- _Problem requirements_: The material below contains a line with "Tabouret Dara rond" and a line with "Mini Garnet Heart". Copy exactly those two lines and all lines between them.

- _Dataset content_:
§
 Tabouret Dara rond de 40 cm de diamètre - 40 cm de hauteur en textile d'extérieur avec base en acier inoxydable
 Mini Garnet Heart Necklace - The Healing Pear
§
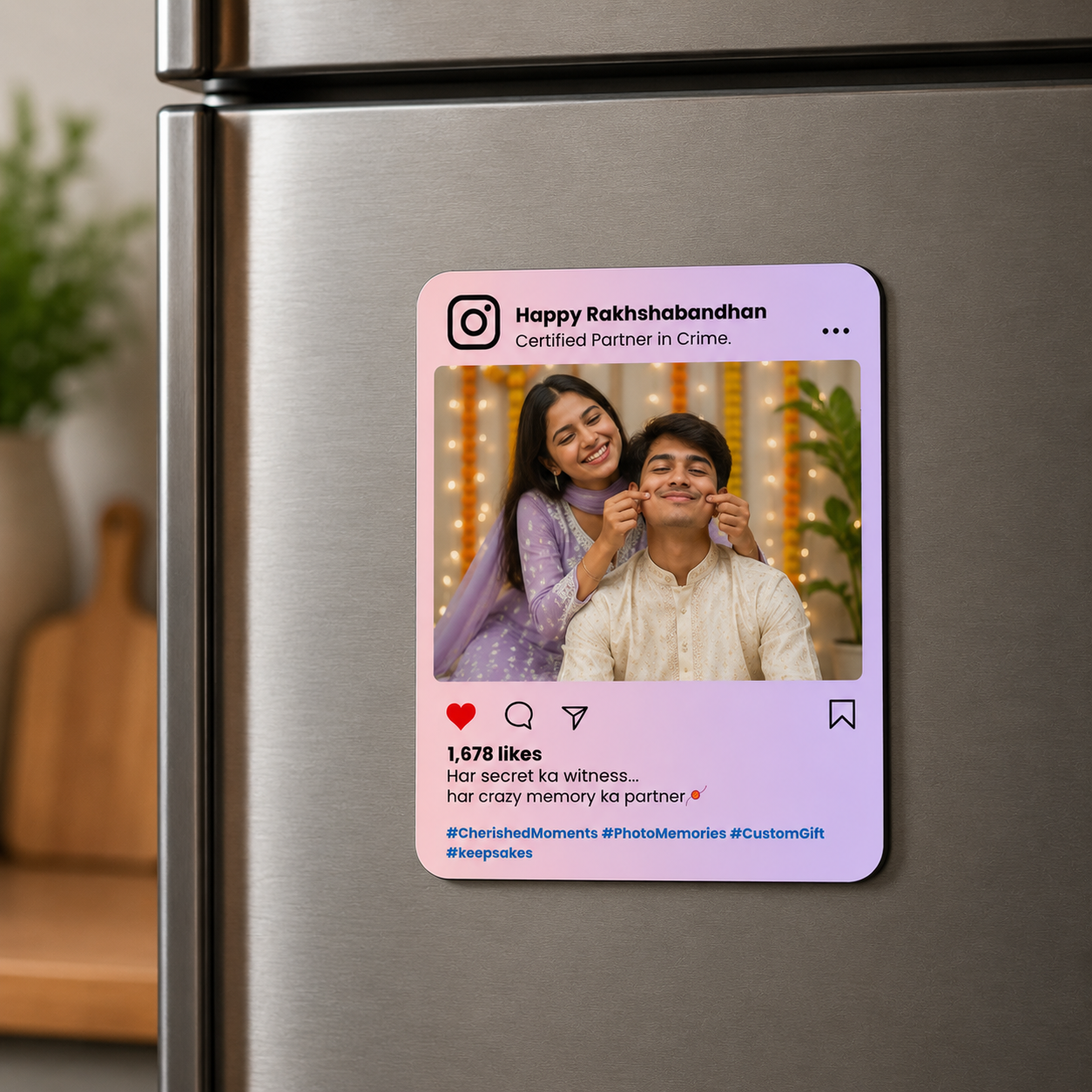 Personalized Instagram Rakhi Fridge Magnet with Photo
§
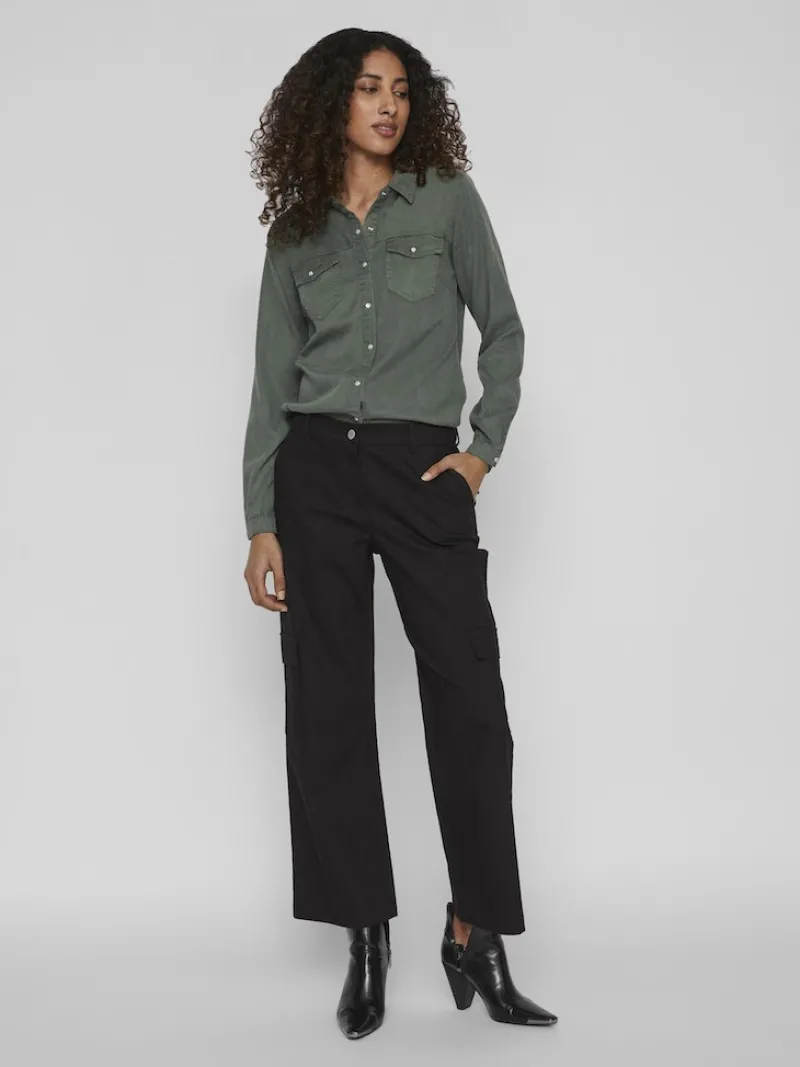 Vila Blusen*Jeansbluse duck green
§
- _Written response_:
 Tabouret Dara rond de 40 cm de diamètre - 40 cm de hauteur en textile d'extérieur avec base en acier inoxydable
 Mini Garnet Heart Necklace - The Healing Pear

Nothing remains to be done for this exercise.